Short descriptive text snippets
- - - - - - -

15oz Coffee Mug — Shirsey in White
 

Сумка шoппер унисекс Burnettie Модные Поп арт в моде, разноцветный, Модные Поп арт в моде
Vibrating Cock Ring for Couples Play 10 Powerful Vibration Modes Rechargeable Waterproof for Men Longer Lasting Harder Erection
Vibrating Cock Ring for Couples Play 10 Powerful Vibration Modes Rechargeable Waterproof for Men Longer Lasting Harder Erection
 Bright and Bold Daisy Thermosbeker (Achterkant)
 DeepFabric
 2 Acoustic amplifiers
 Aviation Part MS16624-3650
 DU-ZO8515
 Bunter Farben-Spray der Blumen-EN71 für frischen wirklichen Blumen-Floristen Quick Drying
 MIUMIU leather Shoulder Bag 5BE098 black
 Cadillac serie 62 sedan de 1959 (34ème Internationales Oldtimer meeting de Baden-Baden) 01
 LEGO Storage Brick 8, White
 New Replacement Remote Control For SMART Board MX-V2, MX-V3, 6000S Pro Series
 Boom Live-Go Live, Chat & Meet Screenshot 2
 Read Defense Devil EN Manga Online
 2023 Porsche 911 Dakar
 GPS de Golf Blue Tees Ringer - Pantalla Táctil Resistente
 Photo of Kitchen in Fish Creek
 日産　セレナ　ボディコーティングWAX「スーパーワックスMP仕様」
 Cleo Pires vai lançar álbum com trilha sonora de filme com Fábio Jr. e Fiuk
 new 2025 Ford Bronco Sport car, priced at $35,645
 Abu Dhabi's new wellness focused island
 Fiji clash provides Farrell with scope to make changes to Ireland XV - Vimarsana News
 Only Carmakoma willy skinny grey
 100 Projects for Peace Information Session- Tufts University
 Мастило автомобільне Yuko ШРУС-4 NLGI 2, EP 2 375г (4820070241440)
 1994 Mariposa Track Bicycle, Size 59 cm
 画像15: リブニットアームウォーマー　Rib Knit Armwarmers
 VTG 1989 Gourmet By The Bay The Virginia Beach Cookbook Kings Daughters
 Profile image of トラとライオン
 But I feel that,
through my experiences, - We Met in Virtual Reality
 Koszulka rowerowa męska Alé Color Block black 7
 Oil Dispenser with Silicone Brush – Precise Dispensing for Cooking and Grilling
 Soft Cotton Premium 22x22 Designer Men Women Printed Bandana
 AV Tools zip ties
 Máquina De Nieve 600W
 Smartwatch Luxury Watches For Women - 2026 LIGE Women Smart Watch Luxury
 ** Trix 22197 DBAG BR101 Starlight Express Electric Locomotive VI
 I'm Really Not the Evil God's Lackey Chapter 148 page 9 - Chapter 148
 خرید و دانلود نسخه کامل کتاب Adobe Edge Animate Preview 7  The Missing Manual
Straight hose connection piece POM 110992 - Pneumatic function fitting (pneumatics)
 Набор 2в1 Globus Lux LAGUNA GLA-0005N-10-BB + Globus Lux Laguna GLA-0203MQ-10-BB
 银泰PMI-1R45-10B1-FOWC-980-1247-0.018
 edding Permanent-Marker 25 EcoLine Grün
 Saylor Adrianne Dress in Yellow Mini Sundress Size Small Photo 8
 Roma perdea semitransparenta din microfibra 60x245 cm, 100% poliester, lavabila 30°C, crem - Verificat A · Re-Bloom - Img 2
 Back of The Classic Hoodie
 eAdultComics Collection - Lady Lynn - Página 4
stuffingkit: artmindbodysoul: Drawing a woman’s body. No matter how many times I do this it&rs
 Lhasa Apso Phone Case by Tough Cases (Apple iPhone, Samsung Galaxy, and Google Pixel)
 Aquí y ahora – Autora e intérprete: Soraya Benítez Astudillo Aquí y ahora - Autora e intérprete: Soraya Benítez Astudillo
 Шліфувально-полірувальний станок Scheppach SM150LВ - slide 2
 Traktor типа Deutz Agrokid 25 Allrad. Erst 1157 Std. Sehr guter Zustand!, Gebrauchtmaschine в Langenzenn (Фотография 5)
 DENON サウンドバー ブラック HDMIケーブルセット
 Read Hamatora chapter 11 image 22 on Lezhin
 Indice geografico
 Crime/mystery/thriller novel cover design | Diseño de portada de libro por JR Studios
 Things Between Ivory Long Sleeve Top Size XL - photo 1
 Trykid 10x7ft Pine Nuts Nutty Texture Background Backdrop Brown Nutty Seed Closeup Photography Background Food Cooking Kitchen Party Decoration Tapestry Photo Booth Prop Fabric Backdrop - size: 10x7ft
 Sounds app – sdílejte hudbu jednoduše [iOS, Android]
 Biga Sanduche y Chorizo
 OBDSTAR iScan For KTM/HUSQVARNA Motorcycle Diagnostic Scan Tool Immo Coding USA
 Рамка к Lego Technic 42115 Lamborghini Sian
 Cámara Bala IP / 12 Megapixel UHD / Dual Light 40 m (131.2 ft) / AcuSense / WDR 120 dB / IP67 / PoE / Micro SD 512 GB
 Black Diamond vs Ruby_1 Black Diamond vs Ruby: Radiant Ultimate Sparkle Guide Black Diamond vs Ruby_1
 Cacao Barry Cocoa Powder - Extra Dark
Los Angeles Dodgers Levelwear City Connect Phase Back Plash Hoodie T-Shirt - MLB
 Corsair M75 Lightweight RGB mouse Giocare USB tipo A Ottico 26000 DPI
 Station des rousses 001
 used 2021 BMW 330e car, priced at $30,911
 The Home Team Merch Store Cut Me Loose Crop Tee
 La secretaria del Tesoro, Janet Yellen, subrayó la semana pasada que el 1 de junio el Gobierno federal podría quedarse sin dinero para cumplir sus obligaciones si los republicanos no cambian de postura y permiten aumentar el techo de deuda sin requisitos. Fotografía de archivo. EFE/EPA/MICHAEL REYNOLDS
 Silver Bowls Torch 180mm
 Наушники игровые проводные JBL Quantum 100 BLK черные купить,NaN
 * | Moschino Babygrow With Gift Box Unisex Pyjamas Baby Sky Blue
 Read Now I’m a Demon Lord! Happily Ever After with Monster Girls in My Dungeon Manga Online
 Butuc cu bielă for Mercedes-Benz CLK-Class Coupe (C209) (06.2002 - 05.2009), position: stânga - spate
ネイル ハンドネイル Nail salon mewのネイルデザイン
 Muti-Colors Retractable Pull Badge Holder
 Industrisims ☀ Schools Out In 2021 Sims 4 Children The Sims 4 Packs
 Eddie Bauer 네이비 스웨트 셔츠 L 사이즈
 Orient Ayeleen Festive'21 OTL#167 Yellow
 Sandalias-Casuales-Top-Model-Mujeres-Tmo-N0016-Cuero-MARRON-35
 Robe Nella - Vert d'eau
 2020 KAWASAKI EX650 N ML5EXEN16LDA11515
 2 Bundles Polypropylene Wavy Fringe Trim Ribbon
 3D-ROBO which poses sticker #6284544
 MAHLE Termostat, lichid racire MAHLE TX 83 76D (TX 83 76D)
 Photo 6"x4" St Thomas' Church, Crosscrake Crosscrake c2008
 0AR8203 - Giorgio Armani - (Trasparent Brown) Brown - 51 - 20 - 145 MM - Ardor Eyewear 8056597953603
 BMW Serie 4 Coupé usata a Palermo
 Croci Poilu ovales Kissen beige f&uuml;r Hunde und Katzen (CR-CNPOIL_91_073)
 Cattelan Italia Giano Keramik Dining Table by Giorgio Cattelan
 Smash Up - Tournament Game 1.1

- - - - - - -

▸ Work order
Without leaving anything out, quote all the data.

▸ Answer for the task
15oz Coffee Mug — Shirsey in White
 

Сумка шoппер унисекс Burnettie Модные Поп арт в моде, разноцветный, Модные Поп арт в моде
Vibrating Cock Ring for Couples Play 10 Powerful Vibration Modes Rechargeable Waterproof for Men Longer Lasting Harder Erection
Vibrating Cock Ring for Couples Play 10 Powerful Vibration Modes Rechargeable Waterproof for Men Longer Lasting Harder Erection
 Bright and Bold Daisy Thermosbeker (Achterkant)
 DeepFabric
 2 Acoustic amplifiers
 Aviation Part MS16624-3650
 DU-ZO8515
 Bunter Farben-Spray der Blumen-EN71 für frischen wirklichen Blumen-Floristen Quick Drying
 MIUMIU leather Shoulder Bag 5BE098 black
 Cadillac serie 62 sedan de 1959 (34ème Internationales Oldtimer meeting de Baden-Baden) 01
 LEGO Storage Brick 8, White
 New Replacement Remote Control For SMART Board MX-V2, MX-V3, 6000S Pro Series
 Boom Live-Go Live, Chat & Meet Screenshot 2
 Read Defense Devil EN Manga Online
 2023 Porsche 911 Dakar
 GPS de Golf Blue Tees Ringer - Pantalla Táctil Resistente
 Photo of Kitchen in Fish Creek
 日産　セレナ　ボディコーティングWAX「スーパーワックスMP仕様」
 Cleo Pires vai lançar álbum com trilha sonora de filme com Fábio Jr. e Fiuk
 new 2025 Ford Bronco Sport car, priced at $35,645
 Abu Dhabi's new wellness focused island
 Fiji clash provides Farrell with scope to make changes to Ireland XV - Vimarsana News
 Only Carmakoma willy skinny grey
 100 Projects for Peace Information Session- Tufts University
 Мастило автомобільне Yuko ШРУС-4 NLGI 2, EP 2 375г (4820070241440)
 1994 Mariposa Track Bicycle, Size 59 cm
 画像15: リブニットアームウォーマー　Rib Knit Armwarmers
 VTG 1989 Gourmet By The Bay The Virginia Beach Cookbook Kings Daughters
 Profile image of トラとライオン
 But I feel that,
through my experiences, - We Met in Virtual Reality
 Koszulka rowerowa męska Alé Color Block black 7
 Oil Dispenser with Silicone Brush – Precise Dispensing for Cooking and Grilling
 Soft Cotton Premium 22x22 Designer Men Women Printed Bandana
 AV Tools zip ties
 Máquina De Nieve 600W
 Smartwatch Luxury Watches For Women - 2026 LIGE Women Smart Watch Luxury
 ** Trix 22197 DBAG BR101 Starlight Express Electric Locomotive VI
 I'm Really Not the Evil God's Lackey Chapter 148 page 9 - Chapter 148
 خرید و دانلود نسخه کامل کتاب Adobe Edge Animate Preview 7  The Missing Manual
Straight hose connection piece POM 110992 - Pneumatic function fitting (pneumatics)
 Набор 2в1 Globus Lux LAGUNA GLA-0005N-10-BB + Globus Lux Laguna GLA-0203MQ-10-BB
 银泰PMI-1R45-10B1-FOWC-980-1247-0.018
 edding Permanent-Marker 25 EcoLine Grün
 Saylor Adrianne Dress in Yellow Mini Sundress Size Small Photo 8
 Roma perdea semitransparenta din microfibra 60x245 cm, 100% poliester, lavabila 30°C, crem - Verificat A · Re-Bloom - Img 2
 Back of The Classic Hoodie
 eAdultComics Collection - Lady Lynn - Página 4
stuffingkit: artmindbodysoul: Drawing a woman’s body. No matter how many times I do this it&rs
 Lhasa Apso Phone Case by Tough Cases (Apple iPhone, Samsung Galaxy, and Google Pixel)
 Aquí y ahora – Autora e intérprete: Soraya Benítez Astudillo Aquí y ahora - Autora e intérprete: Soraya Benítez Astudillo
 Шліфувально-полірувальний станок Scheppach SM150LВ - slide 2
 Traktor типа Deutz Agrokid 25 Allrad. Erst 1157 Std. Sehr guter Zustand!, Gebrauchtmaschine в Langenzenn (Фотография 5)
 DENON サウンドバー ブラック HDMIケーブルセット
 Read Hamatora chapter 11 image 22 on Lezhin
 Indice geografico
 Crime/mystery/thriller novel cover design | Diseño de portada de libro por JR Studios
 Things Between Ivory Long Sleeve Top Size XL - photo 1
 Trykid 10x7ft Pine Nuts Nutty Texture Background Backdrop Brown Nutty Seed Closeup Photography Background Food Cooking Kitchen Party Decoration Tapestry Photo Booth Prop Fabric Backdrop - size: 10x7ft
 Sounds app – sdílejte hudbu jednoduše [iOS, Android]
 Biga Sanduche y Chorizo
 OBDSTAR iScan For KTM/HUSQVARNA Motorcycle Diagnostic Scan Tool Immo Coding USA
 Рамка к Lego Technic 42115 Lamborghini Sian
 Cámara Bala IP / 12 Megapixel UHD / Dual Light 40 m (131.2 ft) / AcuSense / WDR 120 dB / IP67 / PoE / Micro SD 512 GB
 Black Diamond vs Ruby_1 Black Diamond vs Ruby: Radiant Ultimate Sparkle Guide Black Diamond vs Ruby_1
 Cacao Barry Cocoa Powder - Extra Dark
Los Angeles Dodgers Levelwear City Connect Phase Back Plash Hoodie T-Shirt - MLB
 Corsair M75 Lightweight RGB mouse Giocare USB tipo A Ottico 26000 DPI
 Station des rousses 001
 used 2021 BMW 330e car, priced at $30,911
 The Home Team Merch Store Cut Me Loose Crop Tee
 La secretaria del Tesoro, Janet Yellen, subrayó la semana pasada que el 1 de junio el Gobierno federal podría quedarse sin dinero para cumplir sus obligaciones si los republicanos no cambian de postura y permiten aumentar el techo de deuda sin requisitos. Fotografía de archivo. EFE/EPA/MICHAEL REYNOLDS
 Silver Bowls Torch 180mm
 Наушники игровые проводные JBL Quantum 100 BLK черные купить,NaN
 * | Moschino Babygrow With Gift Box Unisex Pyjamas Baby Sky Blue
 Read Now I’m a Demon Lord! Happily Ever After with Monster Girls in My Dungeon Manga Online
 Butuc cu bielă for Mercedes-Benz CLK-Class Coupe (C209) (06.2002 - 05.2009), position: stânga - spate
ネイル ハンドネイル Nail salon mewのネイルデザイン
 Muti-Colors Retractable Pull Badge Holder
 Industrisims ☀ Schools Out In 2021 Sims 4 Children The Sims 4 Packs
 Eddie Bauer 네이비 스웨트 셔츠 L 사이즈
 Orient Ayeleen Festive'21 OTL#167 Yellow
 Sandalias-Casuales-Top-Model-Mujeres-Tmo-N0016-Cuero-MARRON-35
 Robe Nella - Vert d'eau
 2020 KAWASAKI EX650 N ML5EXEN16LDA11515
 2 Bundles Polypropylene Wavy Fringe Trim Ribbon
 3D-ROBO which poses sticker #6284544
 MAHLE Termostat, lichid racire MAHLE TX 83 76D (TX 83 76D)
 Photo 6"x4" St Thomas' Church, Crosscrake Crosscrake c2008
 0AR8203 - Giorgio Armani - (Trasparent Brown) Brown - 51 - 20 - 145 MM - Ardor Eyewear 8056597953603
 BMW Serie 4 Coupé usata a Palermo
 Croci Poilu ovales Kissen beige f&uuml;r Hunde und Katzen (CR-CNPOIL_91_073)
 Cattelan Italia Giano Keramik Dining Table by Giorgio Cattelan
 Smash Up - Tournament Game 1.1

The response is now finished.